These records contain pictures, which must be left out; copy exactly the lines from the one with "l’École 2espac" up to and including the one with "Physical sample testing".

### Working data

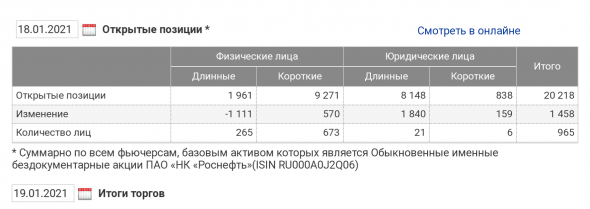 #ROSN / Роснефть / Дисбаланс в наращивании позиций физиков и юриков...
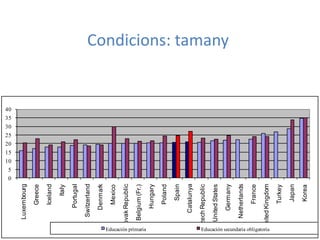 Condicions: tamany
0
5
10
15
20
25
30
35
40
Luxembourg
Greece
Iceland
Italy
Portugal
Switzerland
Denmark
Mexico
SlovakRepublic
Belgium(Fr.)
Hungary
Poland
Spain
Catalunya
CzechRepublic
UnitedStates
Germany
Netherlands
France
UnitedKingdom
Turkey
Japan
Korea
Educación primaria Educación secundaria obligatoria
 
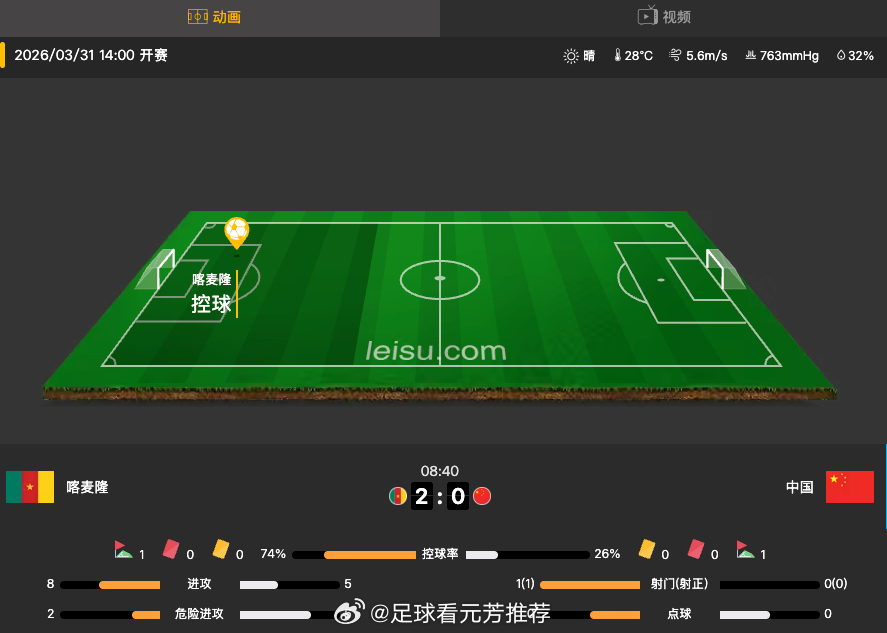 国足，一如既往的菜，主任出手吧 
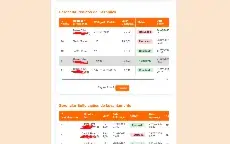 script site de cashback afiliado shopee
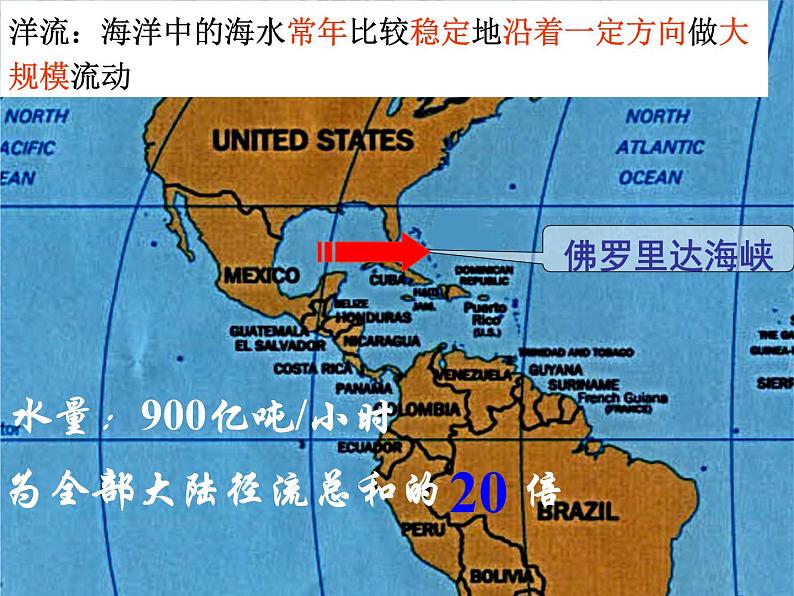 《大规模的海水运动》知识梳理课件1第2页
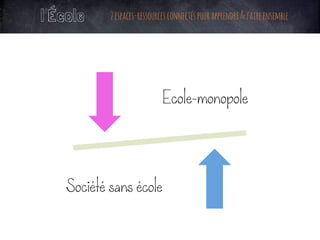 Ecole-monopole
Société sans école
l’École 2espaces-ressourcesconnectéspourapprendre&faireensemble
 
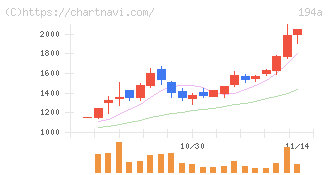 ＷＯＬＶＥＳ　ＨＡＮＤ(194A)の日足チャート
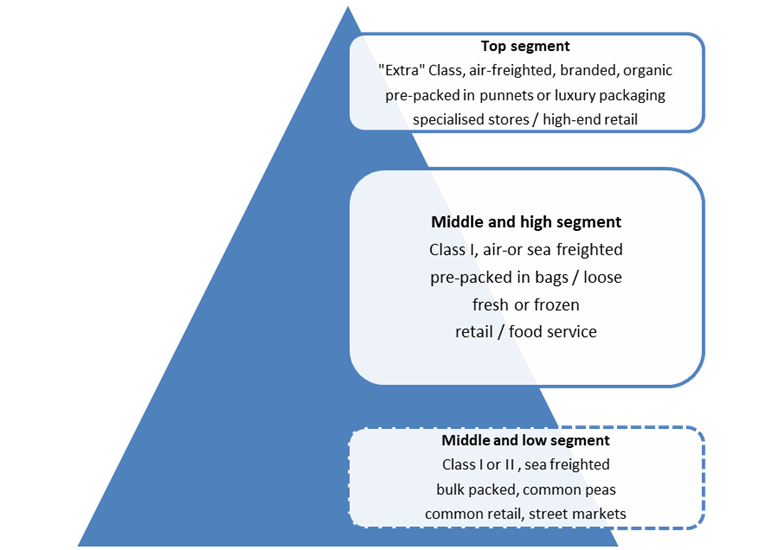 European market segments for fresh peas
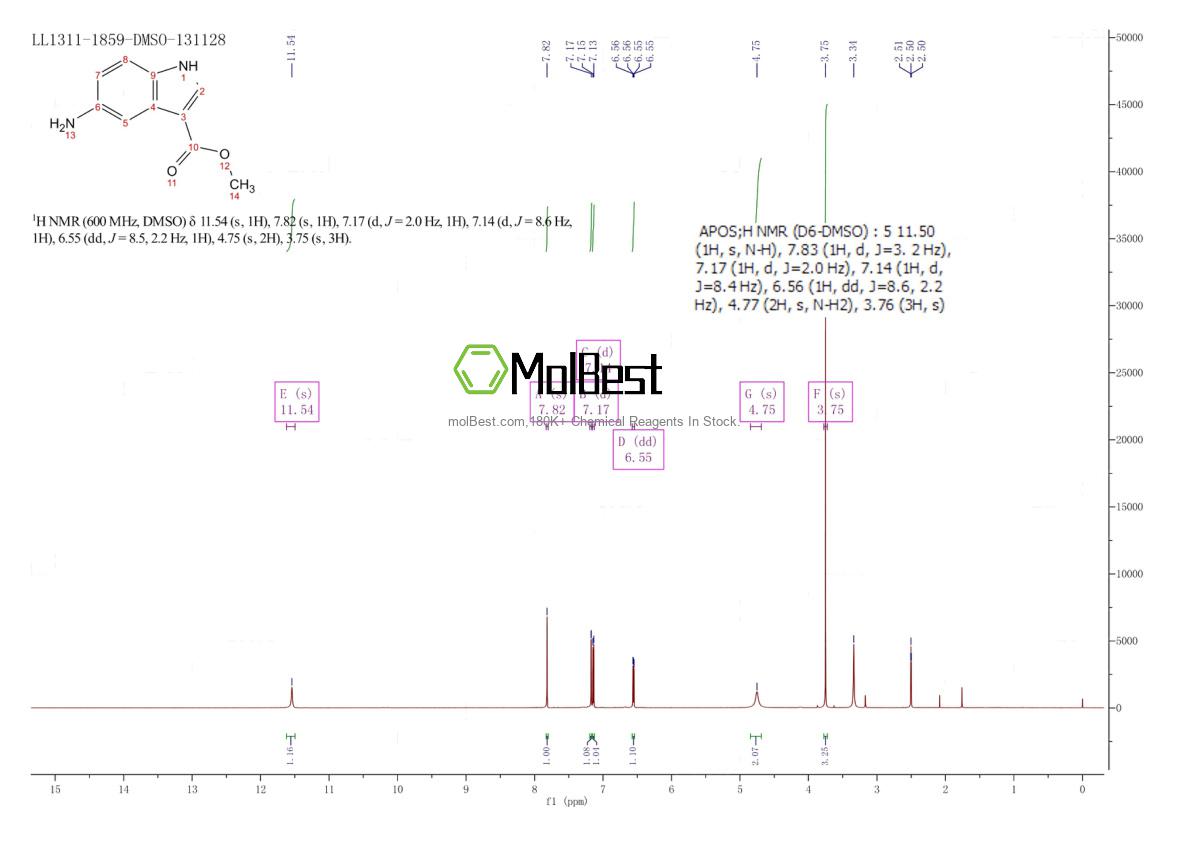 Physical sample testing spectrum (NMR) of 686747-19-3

######
### Working data

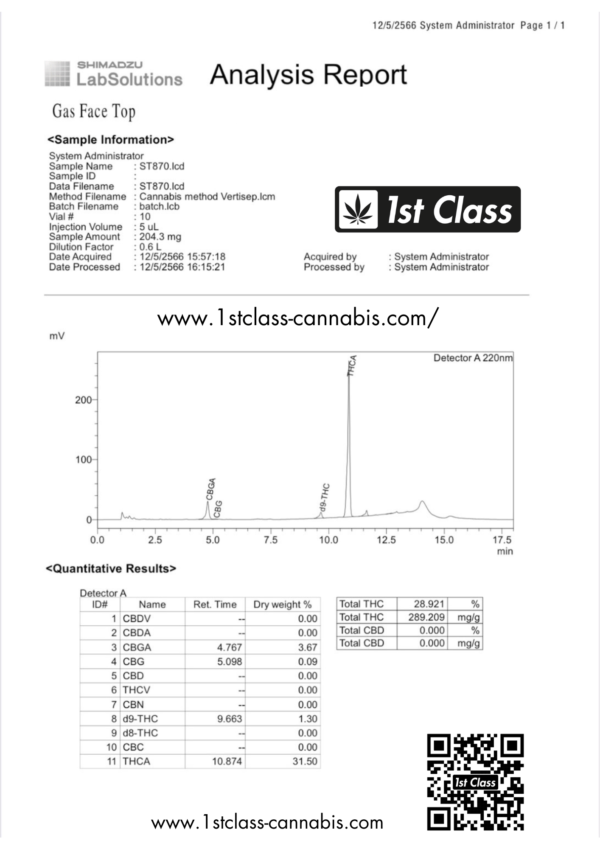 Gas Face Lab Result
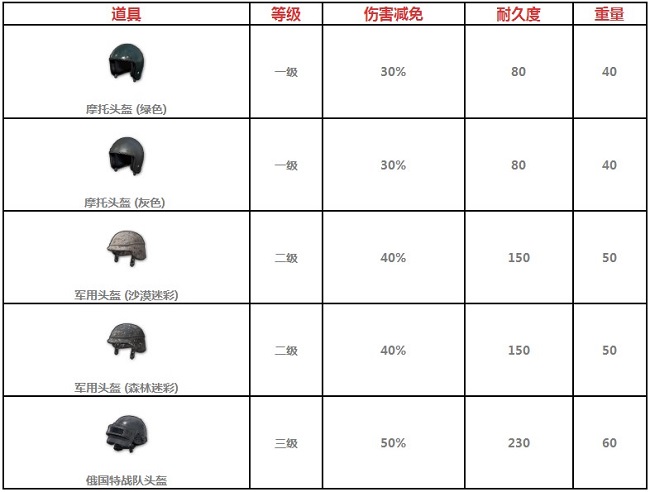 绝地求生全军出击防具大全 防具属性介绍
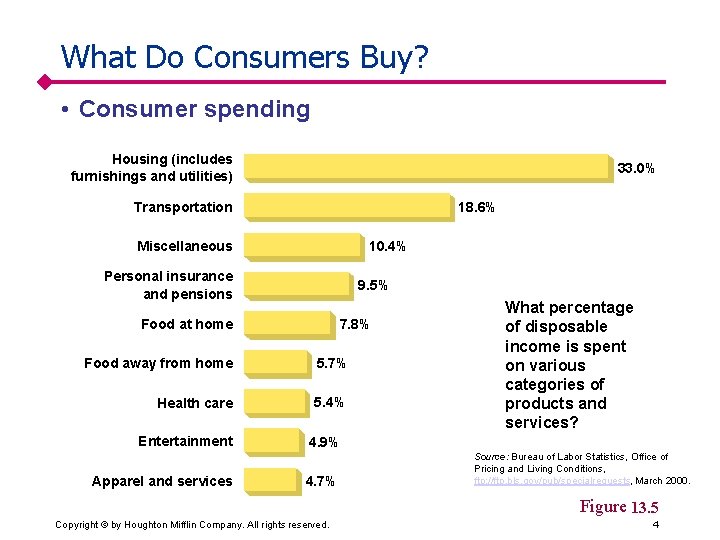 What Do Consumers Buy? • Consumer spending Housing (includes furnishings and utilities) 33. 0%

######

Task result ->
l’École 2espaces-ressourcesconnectéspourapprendre&faireensemble
 
 ＷＯＬＶＥＳ　ＨＡＮＤ(194A)の日足チャート
 European market segments for fresh peas
 Physical sample testing spectrum (NMR) of 686747-19-3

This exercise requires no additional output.